New “GhostStripe” Attack Could Blind Tesla and Baidu Autopilots

A group of scientists from Singapore has developed a method to interfere with the operation of autonomous vehicles that use computer vision for road sign recognition. The new technique, called GhostStripe, poses a potential hazard to drivers of Tesla and Baidu Apollo vehicles.

The core concept of GhostStripe involves using LED lights to create light patterns on road signs. These patterns are invisible to the human eye but confuse the vehicle’s cameras. The attack works by rapidly flashing LEDs in various colors when the camera triggers, causing distortions in the captured image.

These distortions arise due to the nature of CMOS digital shutters. Cameras with such shutters scan images in stages, and the flashing LEDs create different shades at each scanning stage. As a result, the captured image does not correspond to reality. For instance, the red color of a “Stop” sign may appear differently on each scan line.

When such a distorted image is fed into the vehicle’s classifier, which is based on deep neural networks, the system fails to recognize the sign and does not respond appropriately. While similar attack methods were known, the research team achieved stable and repeatable results, making the attack practical in real-world conditions.

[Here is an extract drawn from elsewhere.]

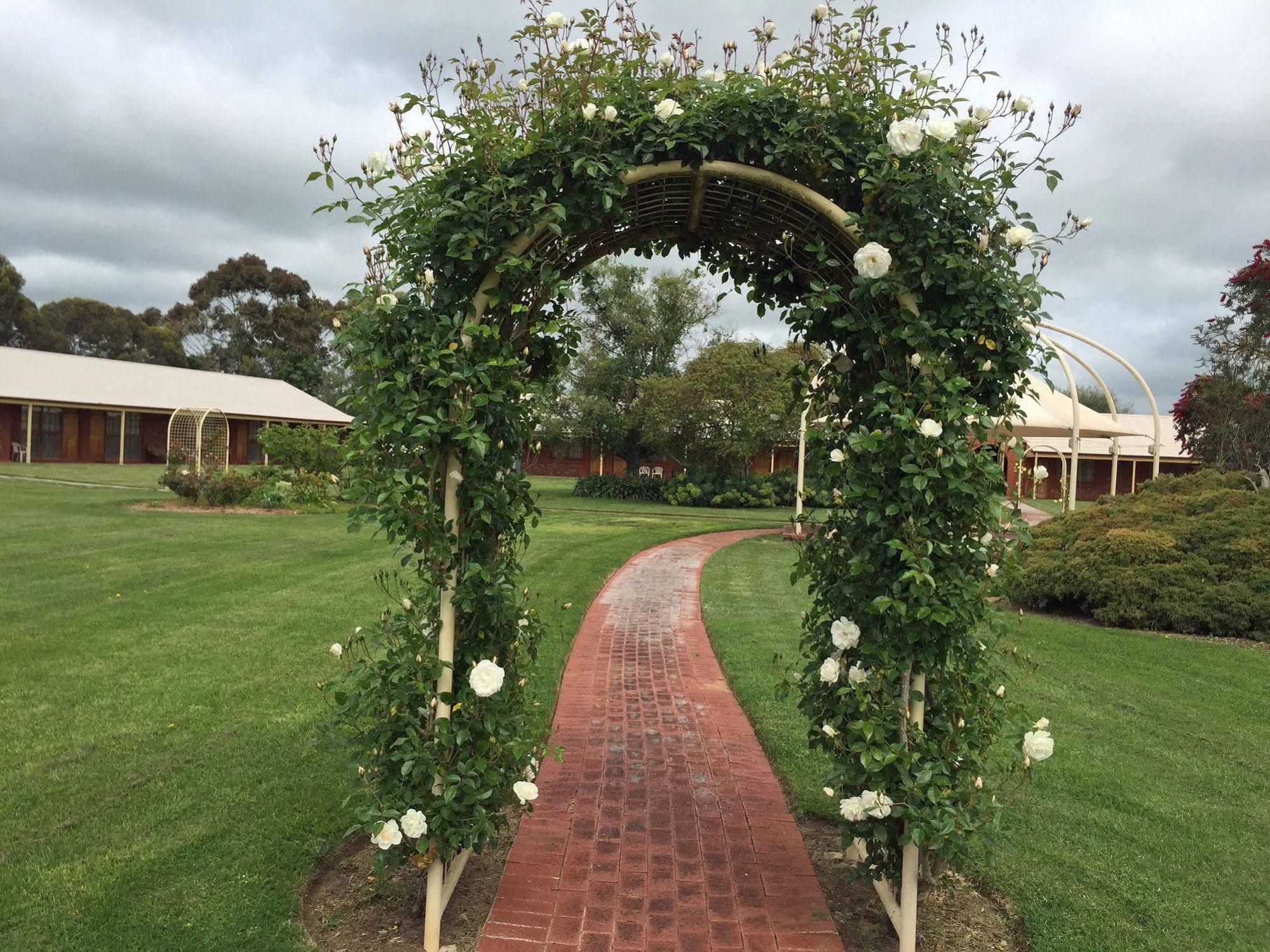 Coonawarra Place Motor Inn Exteriör bild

The researchers developed two versions of the attack:

  • GhostStripe1 does not require access to the vehicle and uses a tracking system to monitor the vehicle’s location in real-time. This allows the LED flashing to be dynamically adjusted so that the sign goes unrecognized.
  • GhostStripe2 requires physical access to the vehicle. In this case, a converter is installed on the camera’s power supply, which detects image scanning moments and precisely controls the timing of the attack. This allows targeting a specific vehicle and manipulating the sign recognition results.

The team tested the system on real roads using the Leopard Imaging AR023ZWDR camera, which is used in Baidu Apollo equipment. Tests were conducted on “Stop,” “Yield,” and speed limit signs. GhostStripe1 achieved a 94% success rate, while GhostStripe2 achieved 97%.

One factor affecting the attack’s effectiveness is strong ambient lighting, which reduces its success. The researchers noted that attackers must carefully choose the time and location for a successful attack.

Some countermeasures can reduce vulnerability. For example, replacing CMOS cameras with global shutter sensors that capture an image in one go, or randomizing scan layers, could help. Additional cameras can also lower the likelihood of a successful attack or require more sophisticated methods. Another measure could be training neural networks to recognize such attacks.